Don't mention the lower price in front of the customer or he will take it. Once again, you'll find there's no one bidding against you. And, if someone wants the job for less, just let him lose his a-- and congratulate yourself on not losing yours.
Glenn


----------



## MONTY (Aug 28, 2006)

HERE'S AN OPTION. MY SAYING IS I CAN WATERPROOF A BICYCLEIF IT GETS IN MY WAY.
ON A CLEAR, SUNNY DAY, BUY A FEW BUCKETS OF:
*ASPHALT/CLAY  BASE EMULSION IN 5 GALLON CANS.
*WIDE, SOFT PUSH BROOM
*4 FT. WIDTH X 365' ROLL OF SPUN WOVEN POLYESTER FABRIC "RETRO-MAT"
CALL 817-451-2121...ABC SUPPLY IN FORT WORTH, TX. & TELL THEM YOU WANT THE 4 OZ. &* HAVE IT SHIPPED TO YOU. IT WEIGHS HARDLY ANYTHING. THROW A 4' ROLL ON THE ROOF. YOU JUST STOCKED WHAT IS EQUIVALENT TO 1,350 SFOF MEMBRANE IN LIEU OF 39 BUNDLES OF SHINGLES.
//////////////////////////////////////////////////////////////////////////////
*POUR OUT CLAY OVER SHINGLES & WORK IN WITH BROOM. IMMEDIATELY **ROLL OUT POLYESTER IN A RELAXED FORM. WRINKLES DONT MATTER.
***SOFTLY GLIDE BROOMOVER MAT TO CONFORM TO IRREGULAR SURFACE & EMBED...WHILE WET.
****ALLOW TO DRY AT LEAST AN HOUR & NOW TOPCOAT WITH EMULSION.
THIS WILL FORM A SEAMLESS MEMBRANE & WATERPROOFMEMBRANE WITH A PRODUCT THAT ONLY GETS BETTER AS IT AGES.
AS FAR AS CODE COMPLIANCE, YOUR MERELY INSTALLING A COATING, OR MAINTENANCE SYSTEM. THE WEIGHT OF WHAT YOU ARE INSTALLING WILL ONLY BE AROUND 80 LBS PER 100 SF.
*****APPLY ALUMINIZED ASPHALT EMULSION THE FOLLOWING DAY TO PRESERVE & REFLECT UV RAYS.
NOTE: IT'S SUGGESTED TO INSTALL A 2nd LAYER OF TOPCOAT ON THE 2nd DAY AFTER 1st LAYER CURES, OR DRIES OUT.
AVERAGE RATIO PER MAN: 18 TO 25 SQ. A DAY.
NOTE: I'D SAY RUN YOUR FABRIC VERTICALLY IN LIEU OF HORIZONTAL. THIS IS TO KEEP FROM TRACKING OVER NEWLY INSTALLED FABRIC WHILE WET.
LAP FABRIC BY 4".
ENSURE ALL WRINKLES ARE COATED & PRODUCT IS "WORKED IN"
DO NOT _DRAG_ BROOM IN A LAZY MANNER ON BASE COAT. LIGHTLY PICK UP ON IT TO ENSURE A THOROUGH COATING OF BASE CLAY.
AS FAR AS CHIMNEY,WALLS, VENTSETC. SIMPLY RETROFIT A FABRIC UP ONTO & WET IN.
SINCE THIS IS A REMODEL TO EXISTING, IT'S TAX FRIENDLY.
ALSO, IF THERE'S ANY NAILS PROTRUDING, PULL OUT & SEAL WITH A RUBBERIZED PLASTIC CEMENT BEFORE COATING.
GOOD LUCK ON  IT. THIS IS A SIMPLE SCOPE THAT WILL WORK FOR YAERS TO COME.
THE SCHOOL DISTRICTS IN LA HAS NOTHING BUT THIS ON ALL THEIR SCHOOLS.
MONTY


----------



## Handyman101 (Jan 23, 2007)

Will, I can tell you this much.....Rip them shingles off a there...all o them, replace whatever plywood is bad (water-damadged), put down the felt, and New shingles....its tough but thats the only way!
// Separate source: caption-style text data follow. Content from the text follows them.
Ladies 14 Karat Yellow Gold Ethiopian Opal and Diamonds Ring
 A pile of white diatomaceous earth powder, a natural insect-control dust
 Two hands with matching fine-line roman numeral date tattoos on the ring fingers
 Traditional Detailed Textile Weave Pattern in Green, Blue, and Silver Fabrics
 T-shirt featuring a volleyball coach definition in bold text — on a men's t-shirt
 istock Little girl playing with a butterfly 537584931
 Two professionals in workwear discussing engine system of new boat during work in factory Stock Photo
Down here in south carolina, the local garbage services, licensed by the state, have all kinds of recycling services. Shingles...they used to dump in in the landfills, but now they go to a recycling plant, where they are ground up, and the metal (nails etc) get removed by a separating process, the grind goes back into service on our streets, mixed up with other asphalt type stuff, gets steam-rolled/tarred....result: A nice smooth roadway, and a happy EPA!


----------



## nin7 (Feb 2, 2007)

In Florida we can not install over two layers...Miami Dade codes states we have to tear off if two layers or more to install metal.  Good luck.


----------



## jjbean08 (Jul 31, 2011)

Saw that there is a discussion about shingles and old roofs. Our roofing company in Kansas City has some great articles about this and other related roofing questions and concerns. Personally shingles over an old roof are not the perfect answer but can be done and last quite a bit still.


----------



## BrianKiernan (Aug 2, 2011)

Along with the other 101 reasons you should not do a job like this, I don't believe and shingle company would back up their warranty on the product.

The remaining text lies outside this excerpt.